To test for discrimination in the mortgage loan market, a model can be used:
\(\text { approve }=\beta_{0}+\beta_{1} \text { white }+\text { other factors }+e\)
- If there is discrimination against non-white individuals, and the appropriate factors have been controlled for, what sign would you expect for \(\beta_{1}\) ? Why?
- Estimate a linear probability model (LPM) of approve on white. Provide an interpretation of results. Is there a sign of discrimination? Explain your answer.
- Is LPM the correct approach for estimating the above model? Please explain your answer.
- Estimate the model in (2) via probit regression.
- What is the estimated probability of loan approval for whites?
- What is the estimated probability of loan approval for non-whites?
Hint: you need to calculate margins (not marginal effects).
5. Repeat (4) via logit regression.
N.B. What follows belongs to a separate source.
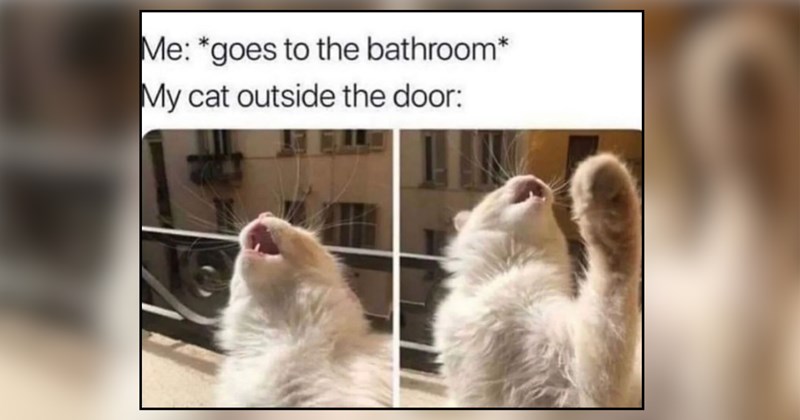 28 cat memes | thumbnail includes one meme and one picture of text including 'Me: *goes to the bathroom* My cat outside the door:' 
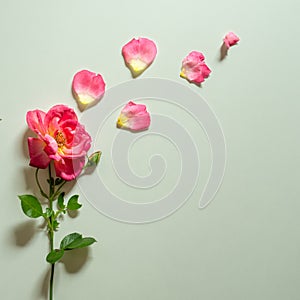 Flowers composition. Frame made of rose flowers, petals on white background. Valentine`s Day background. Festive card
Are answers to (a) and (b) in 4 and 5 the same?
6. Estimate a new model by adding the following control variables to the model in (2); hrat, obrat, loanprc, unem, male, married, dep, sch, cosign, chist, pubrec, mortlatl, mortlat2, and \(v\).
- Which variables are statistically significant? Interpret these variables.
- Is there still evidence of discrimination against non-whites? Explain.
7. Estimate the model in (6) using logit and probit. Provide estimated coefficients from all 3 models in a single table formatted as a typical manuscript table using Stata syntaxes estimates store and estimates table. Make sure results contain only 2 decimal digits and use stars \((*)\) to designate the levels of statistical significance.
8. Now, the following model, approve \(=\beta_{0}+\beta_{1}\) atotinc \(+e\), estimates the impact of monthly income (atotinc) on the loan approval. Using results from this model, generate a single graph that shows the following:
- A scatter of actual observations of the model.
- Predicted probabilities from LPM, Logit, and Probit models. Make sure these graphs are properly labeled on the graph.
- What did you learn about the accuracy of predictions from generated graph? Explain briefly.
Multinomial Choice Models
9. Using data in nels_small.dat, estimate a multinomial logit model explaining PSECHOICE. Use the group who did not attend college as the base group. Use as explanatory variables GRADES, FAMINC, FEMALE, and BLACK. Are the estimated coefficients statistically significant? Pick two coefficient estimates and explain them in detail.
10. Compute the estimated probability that a white male student with median values of GRADES and FAMINC will attend a four-year college. Hint: You are estimating margins at specified values of covariates. These are NOT marginal effects. Example 7 in the Stata Manual for margin.s command will provide additional hints.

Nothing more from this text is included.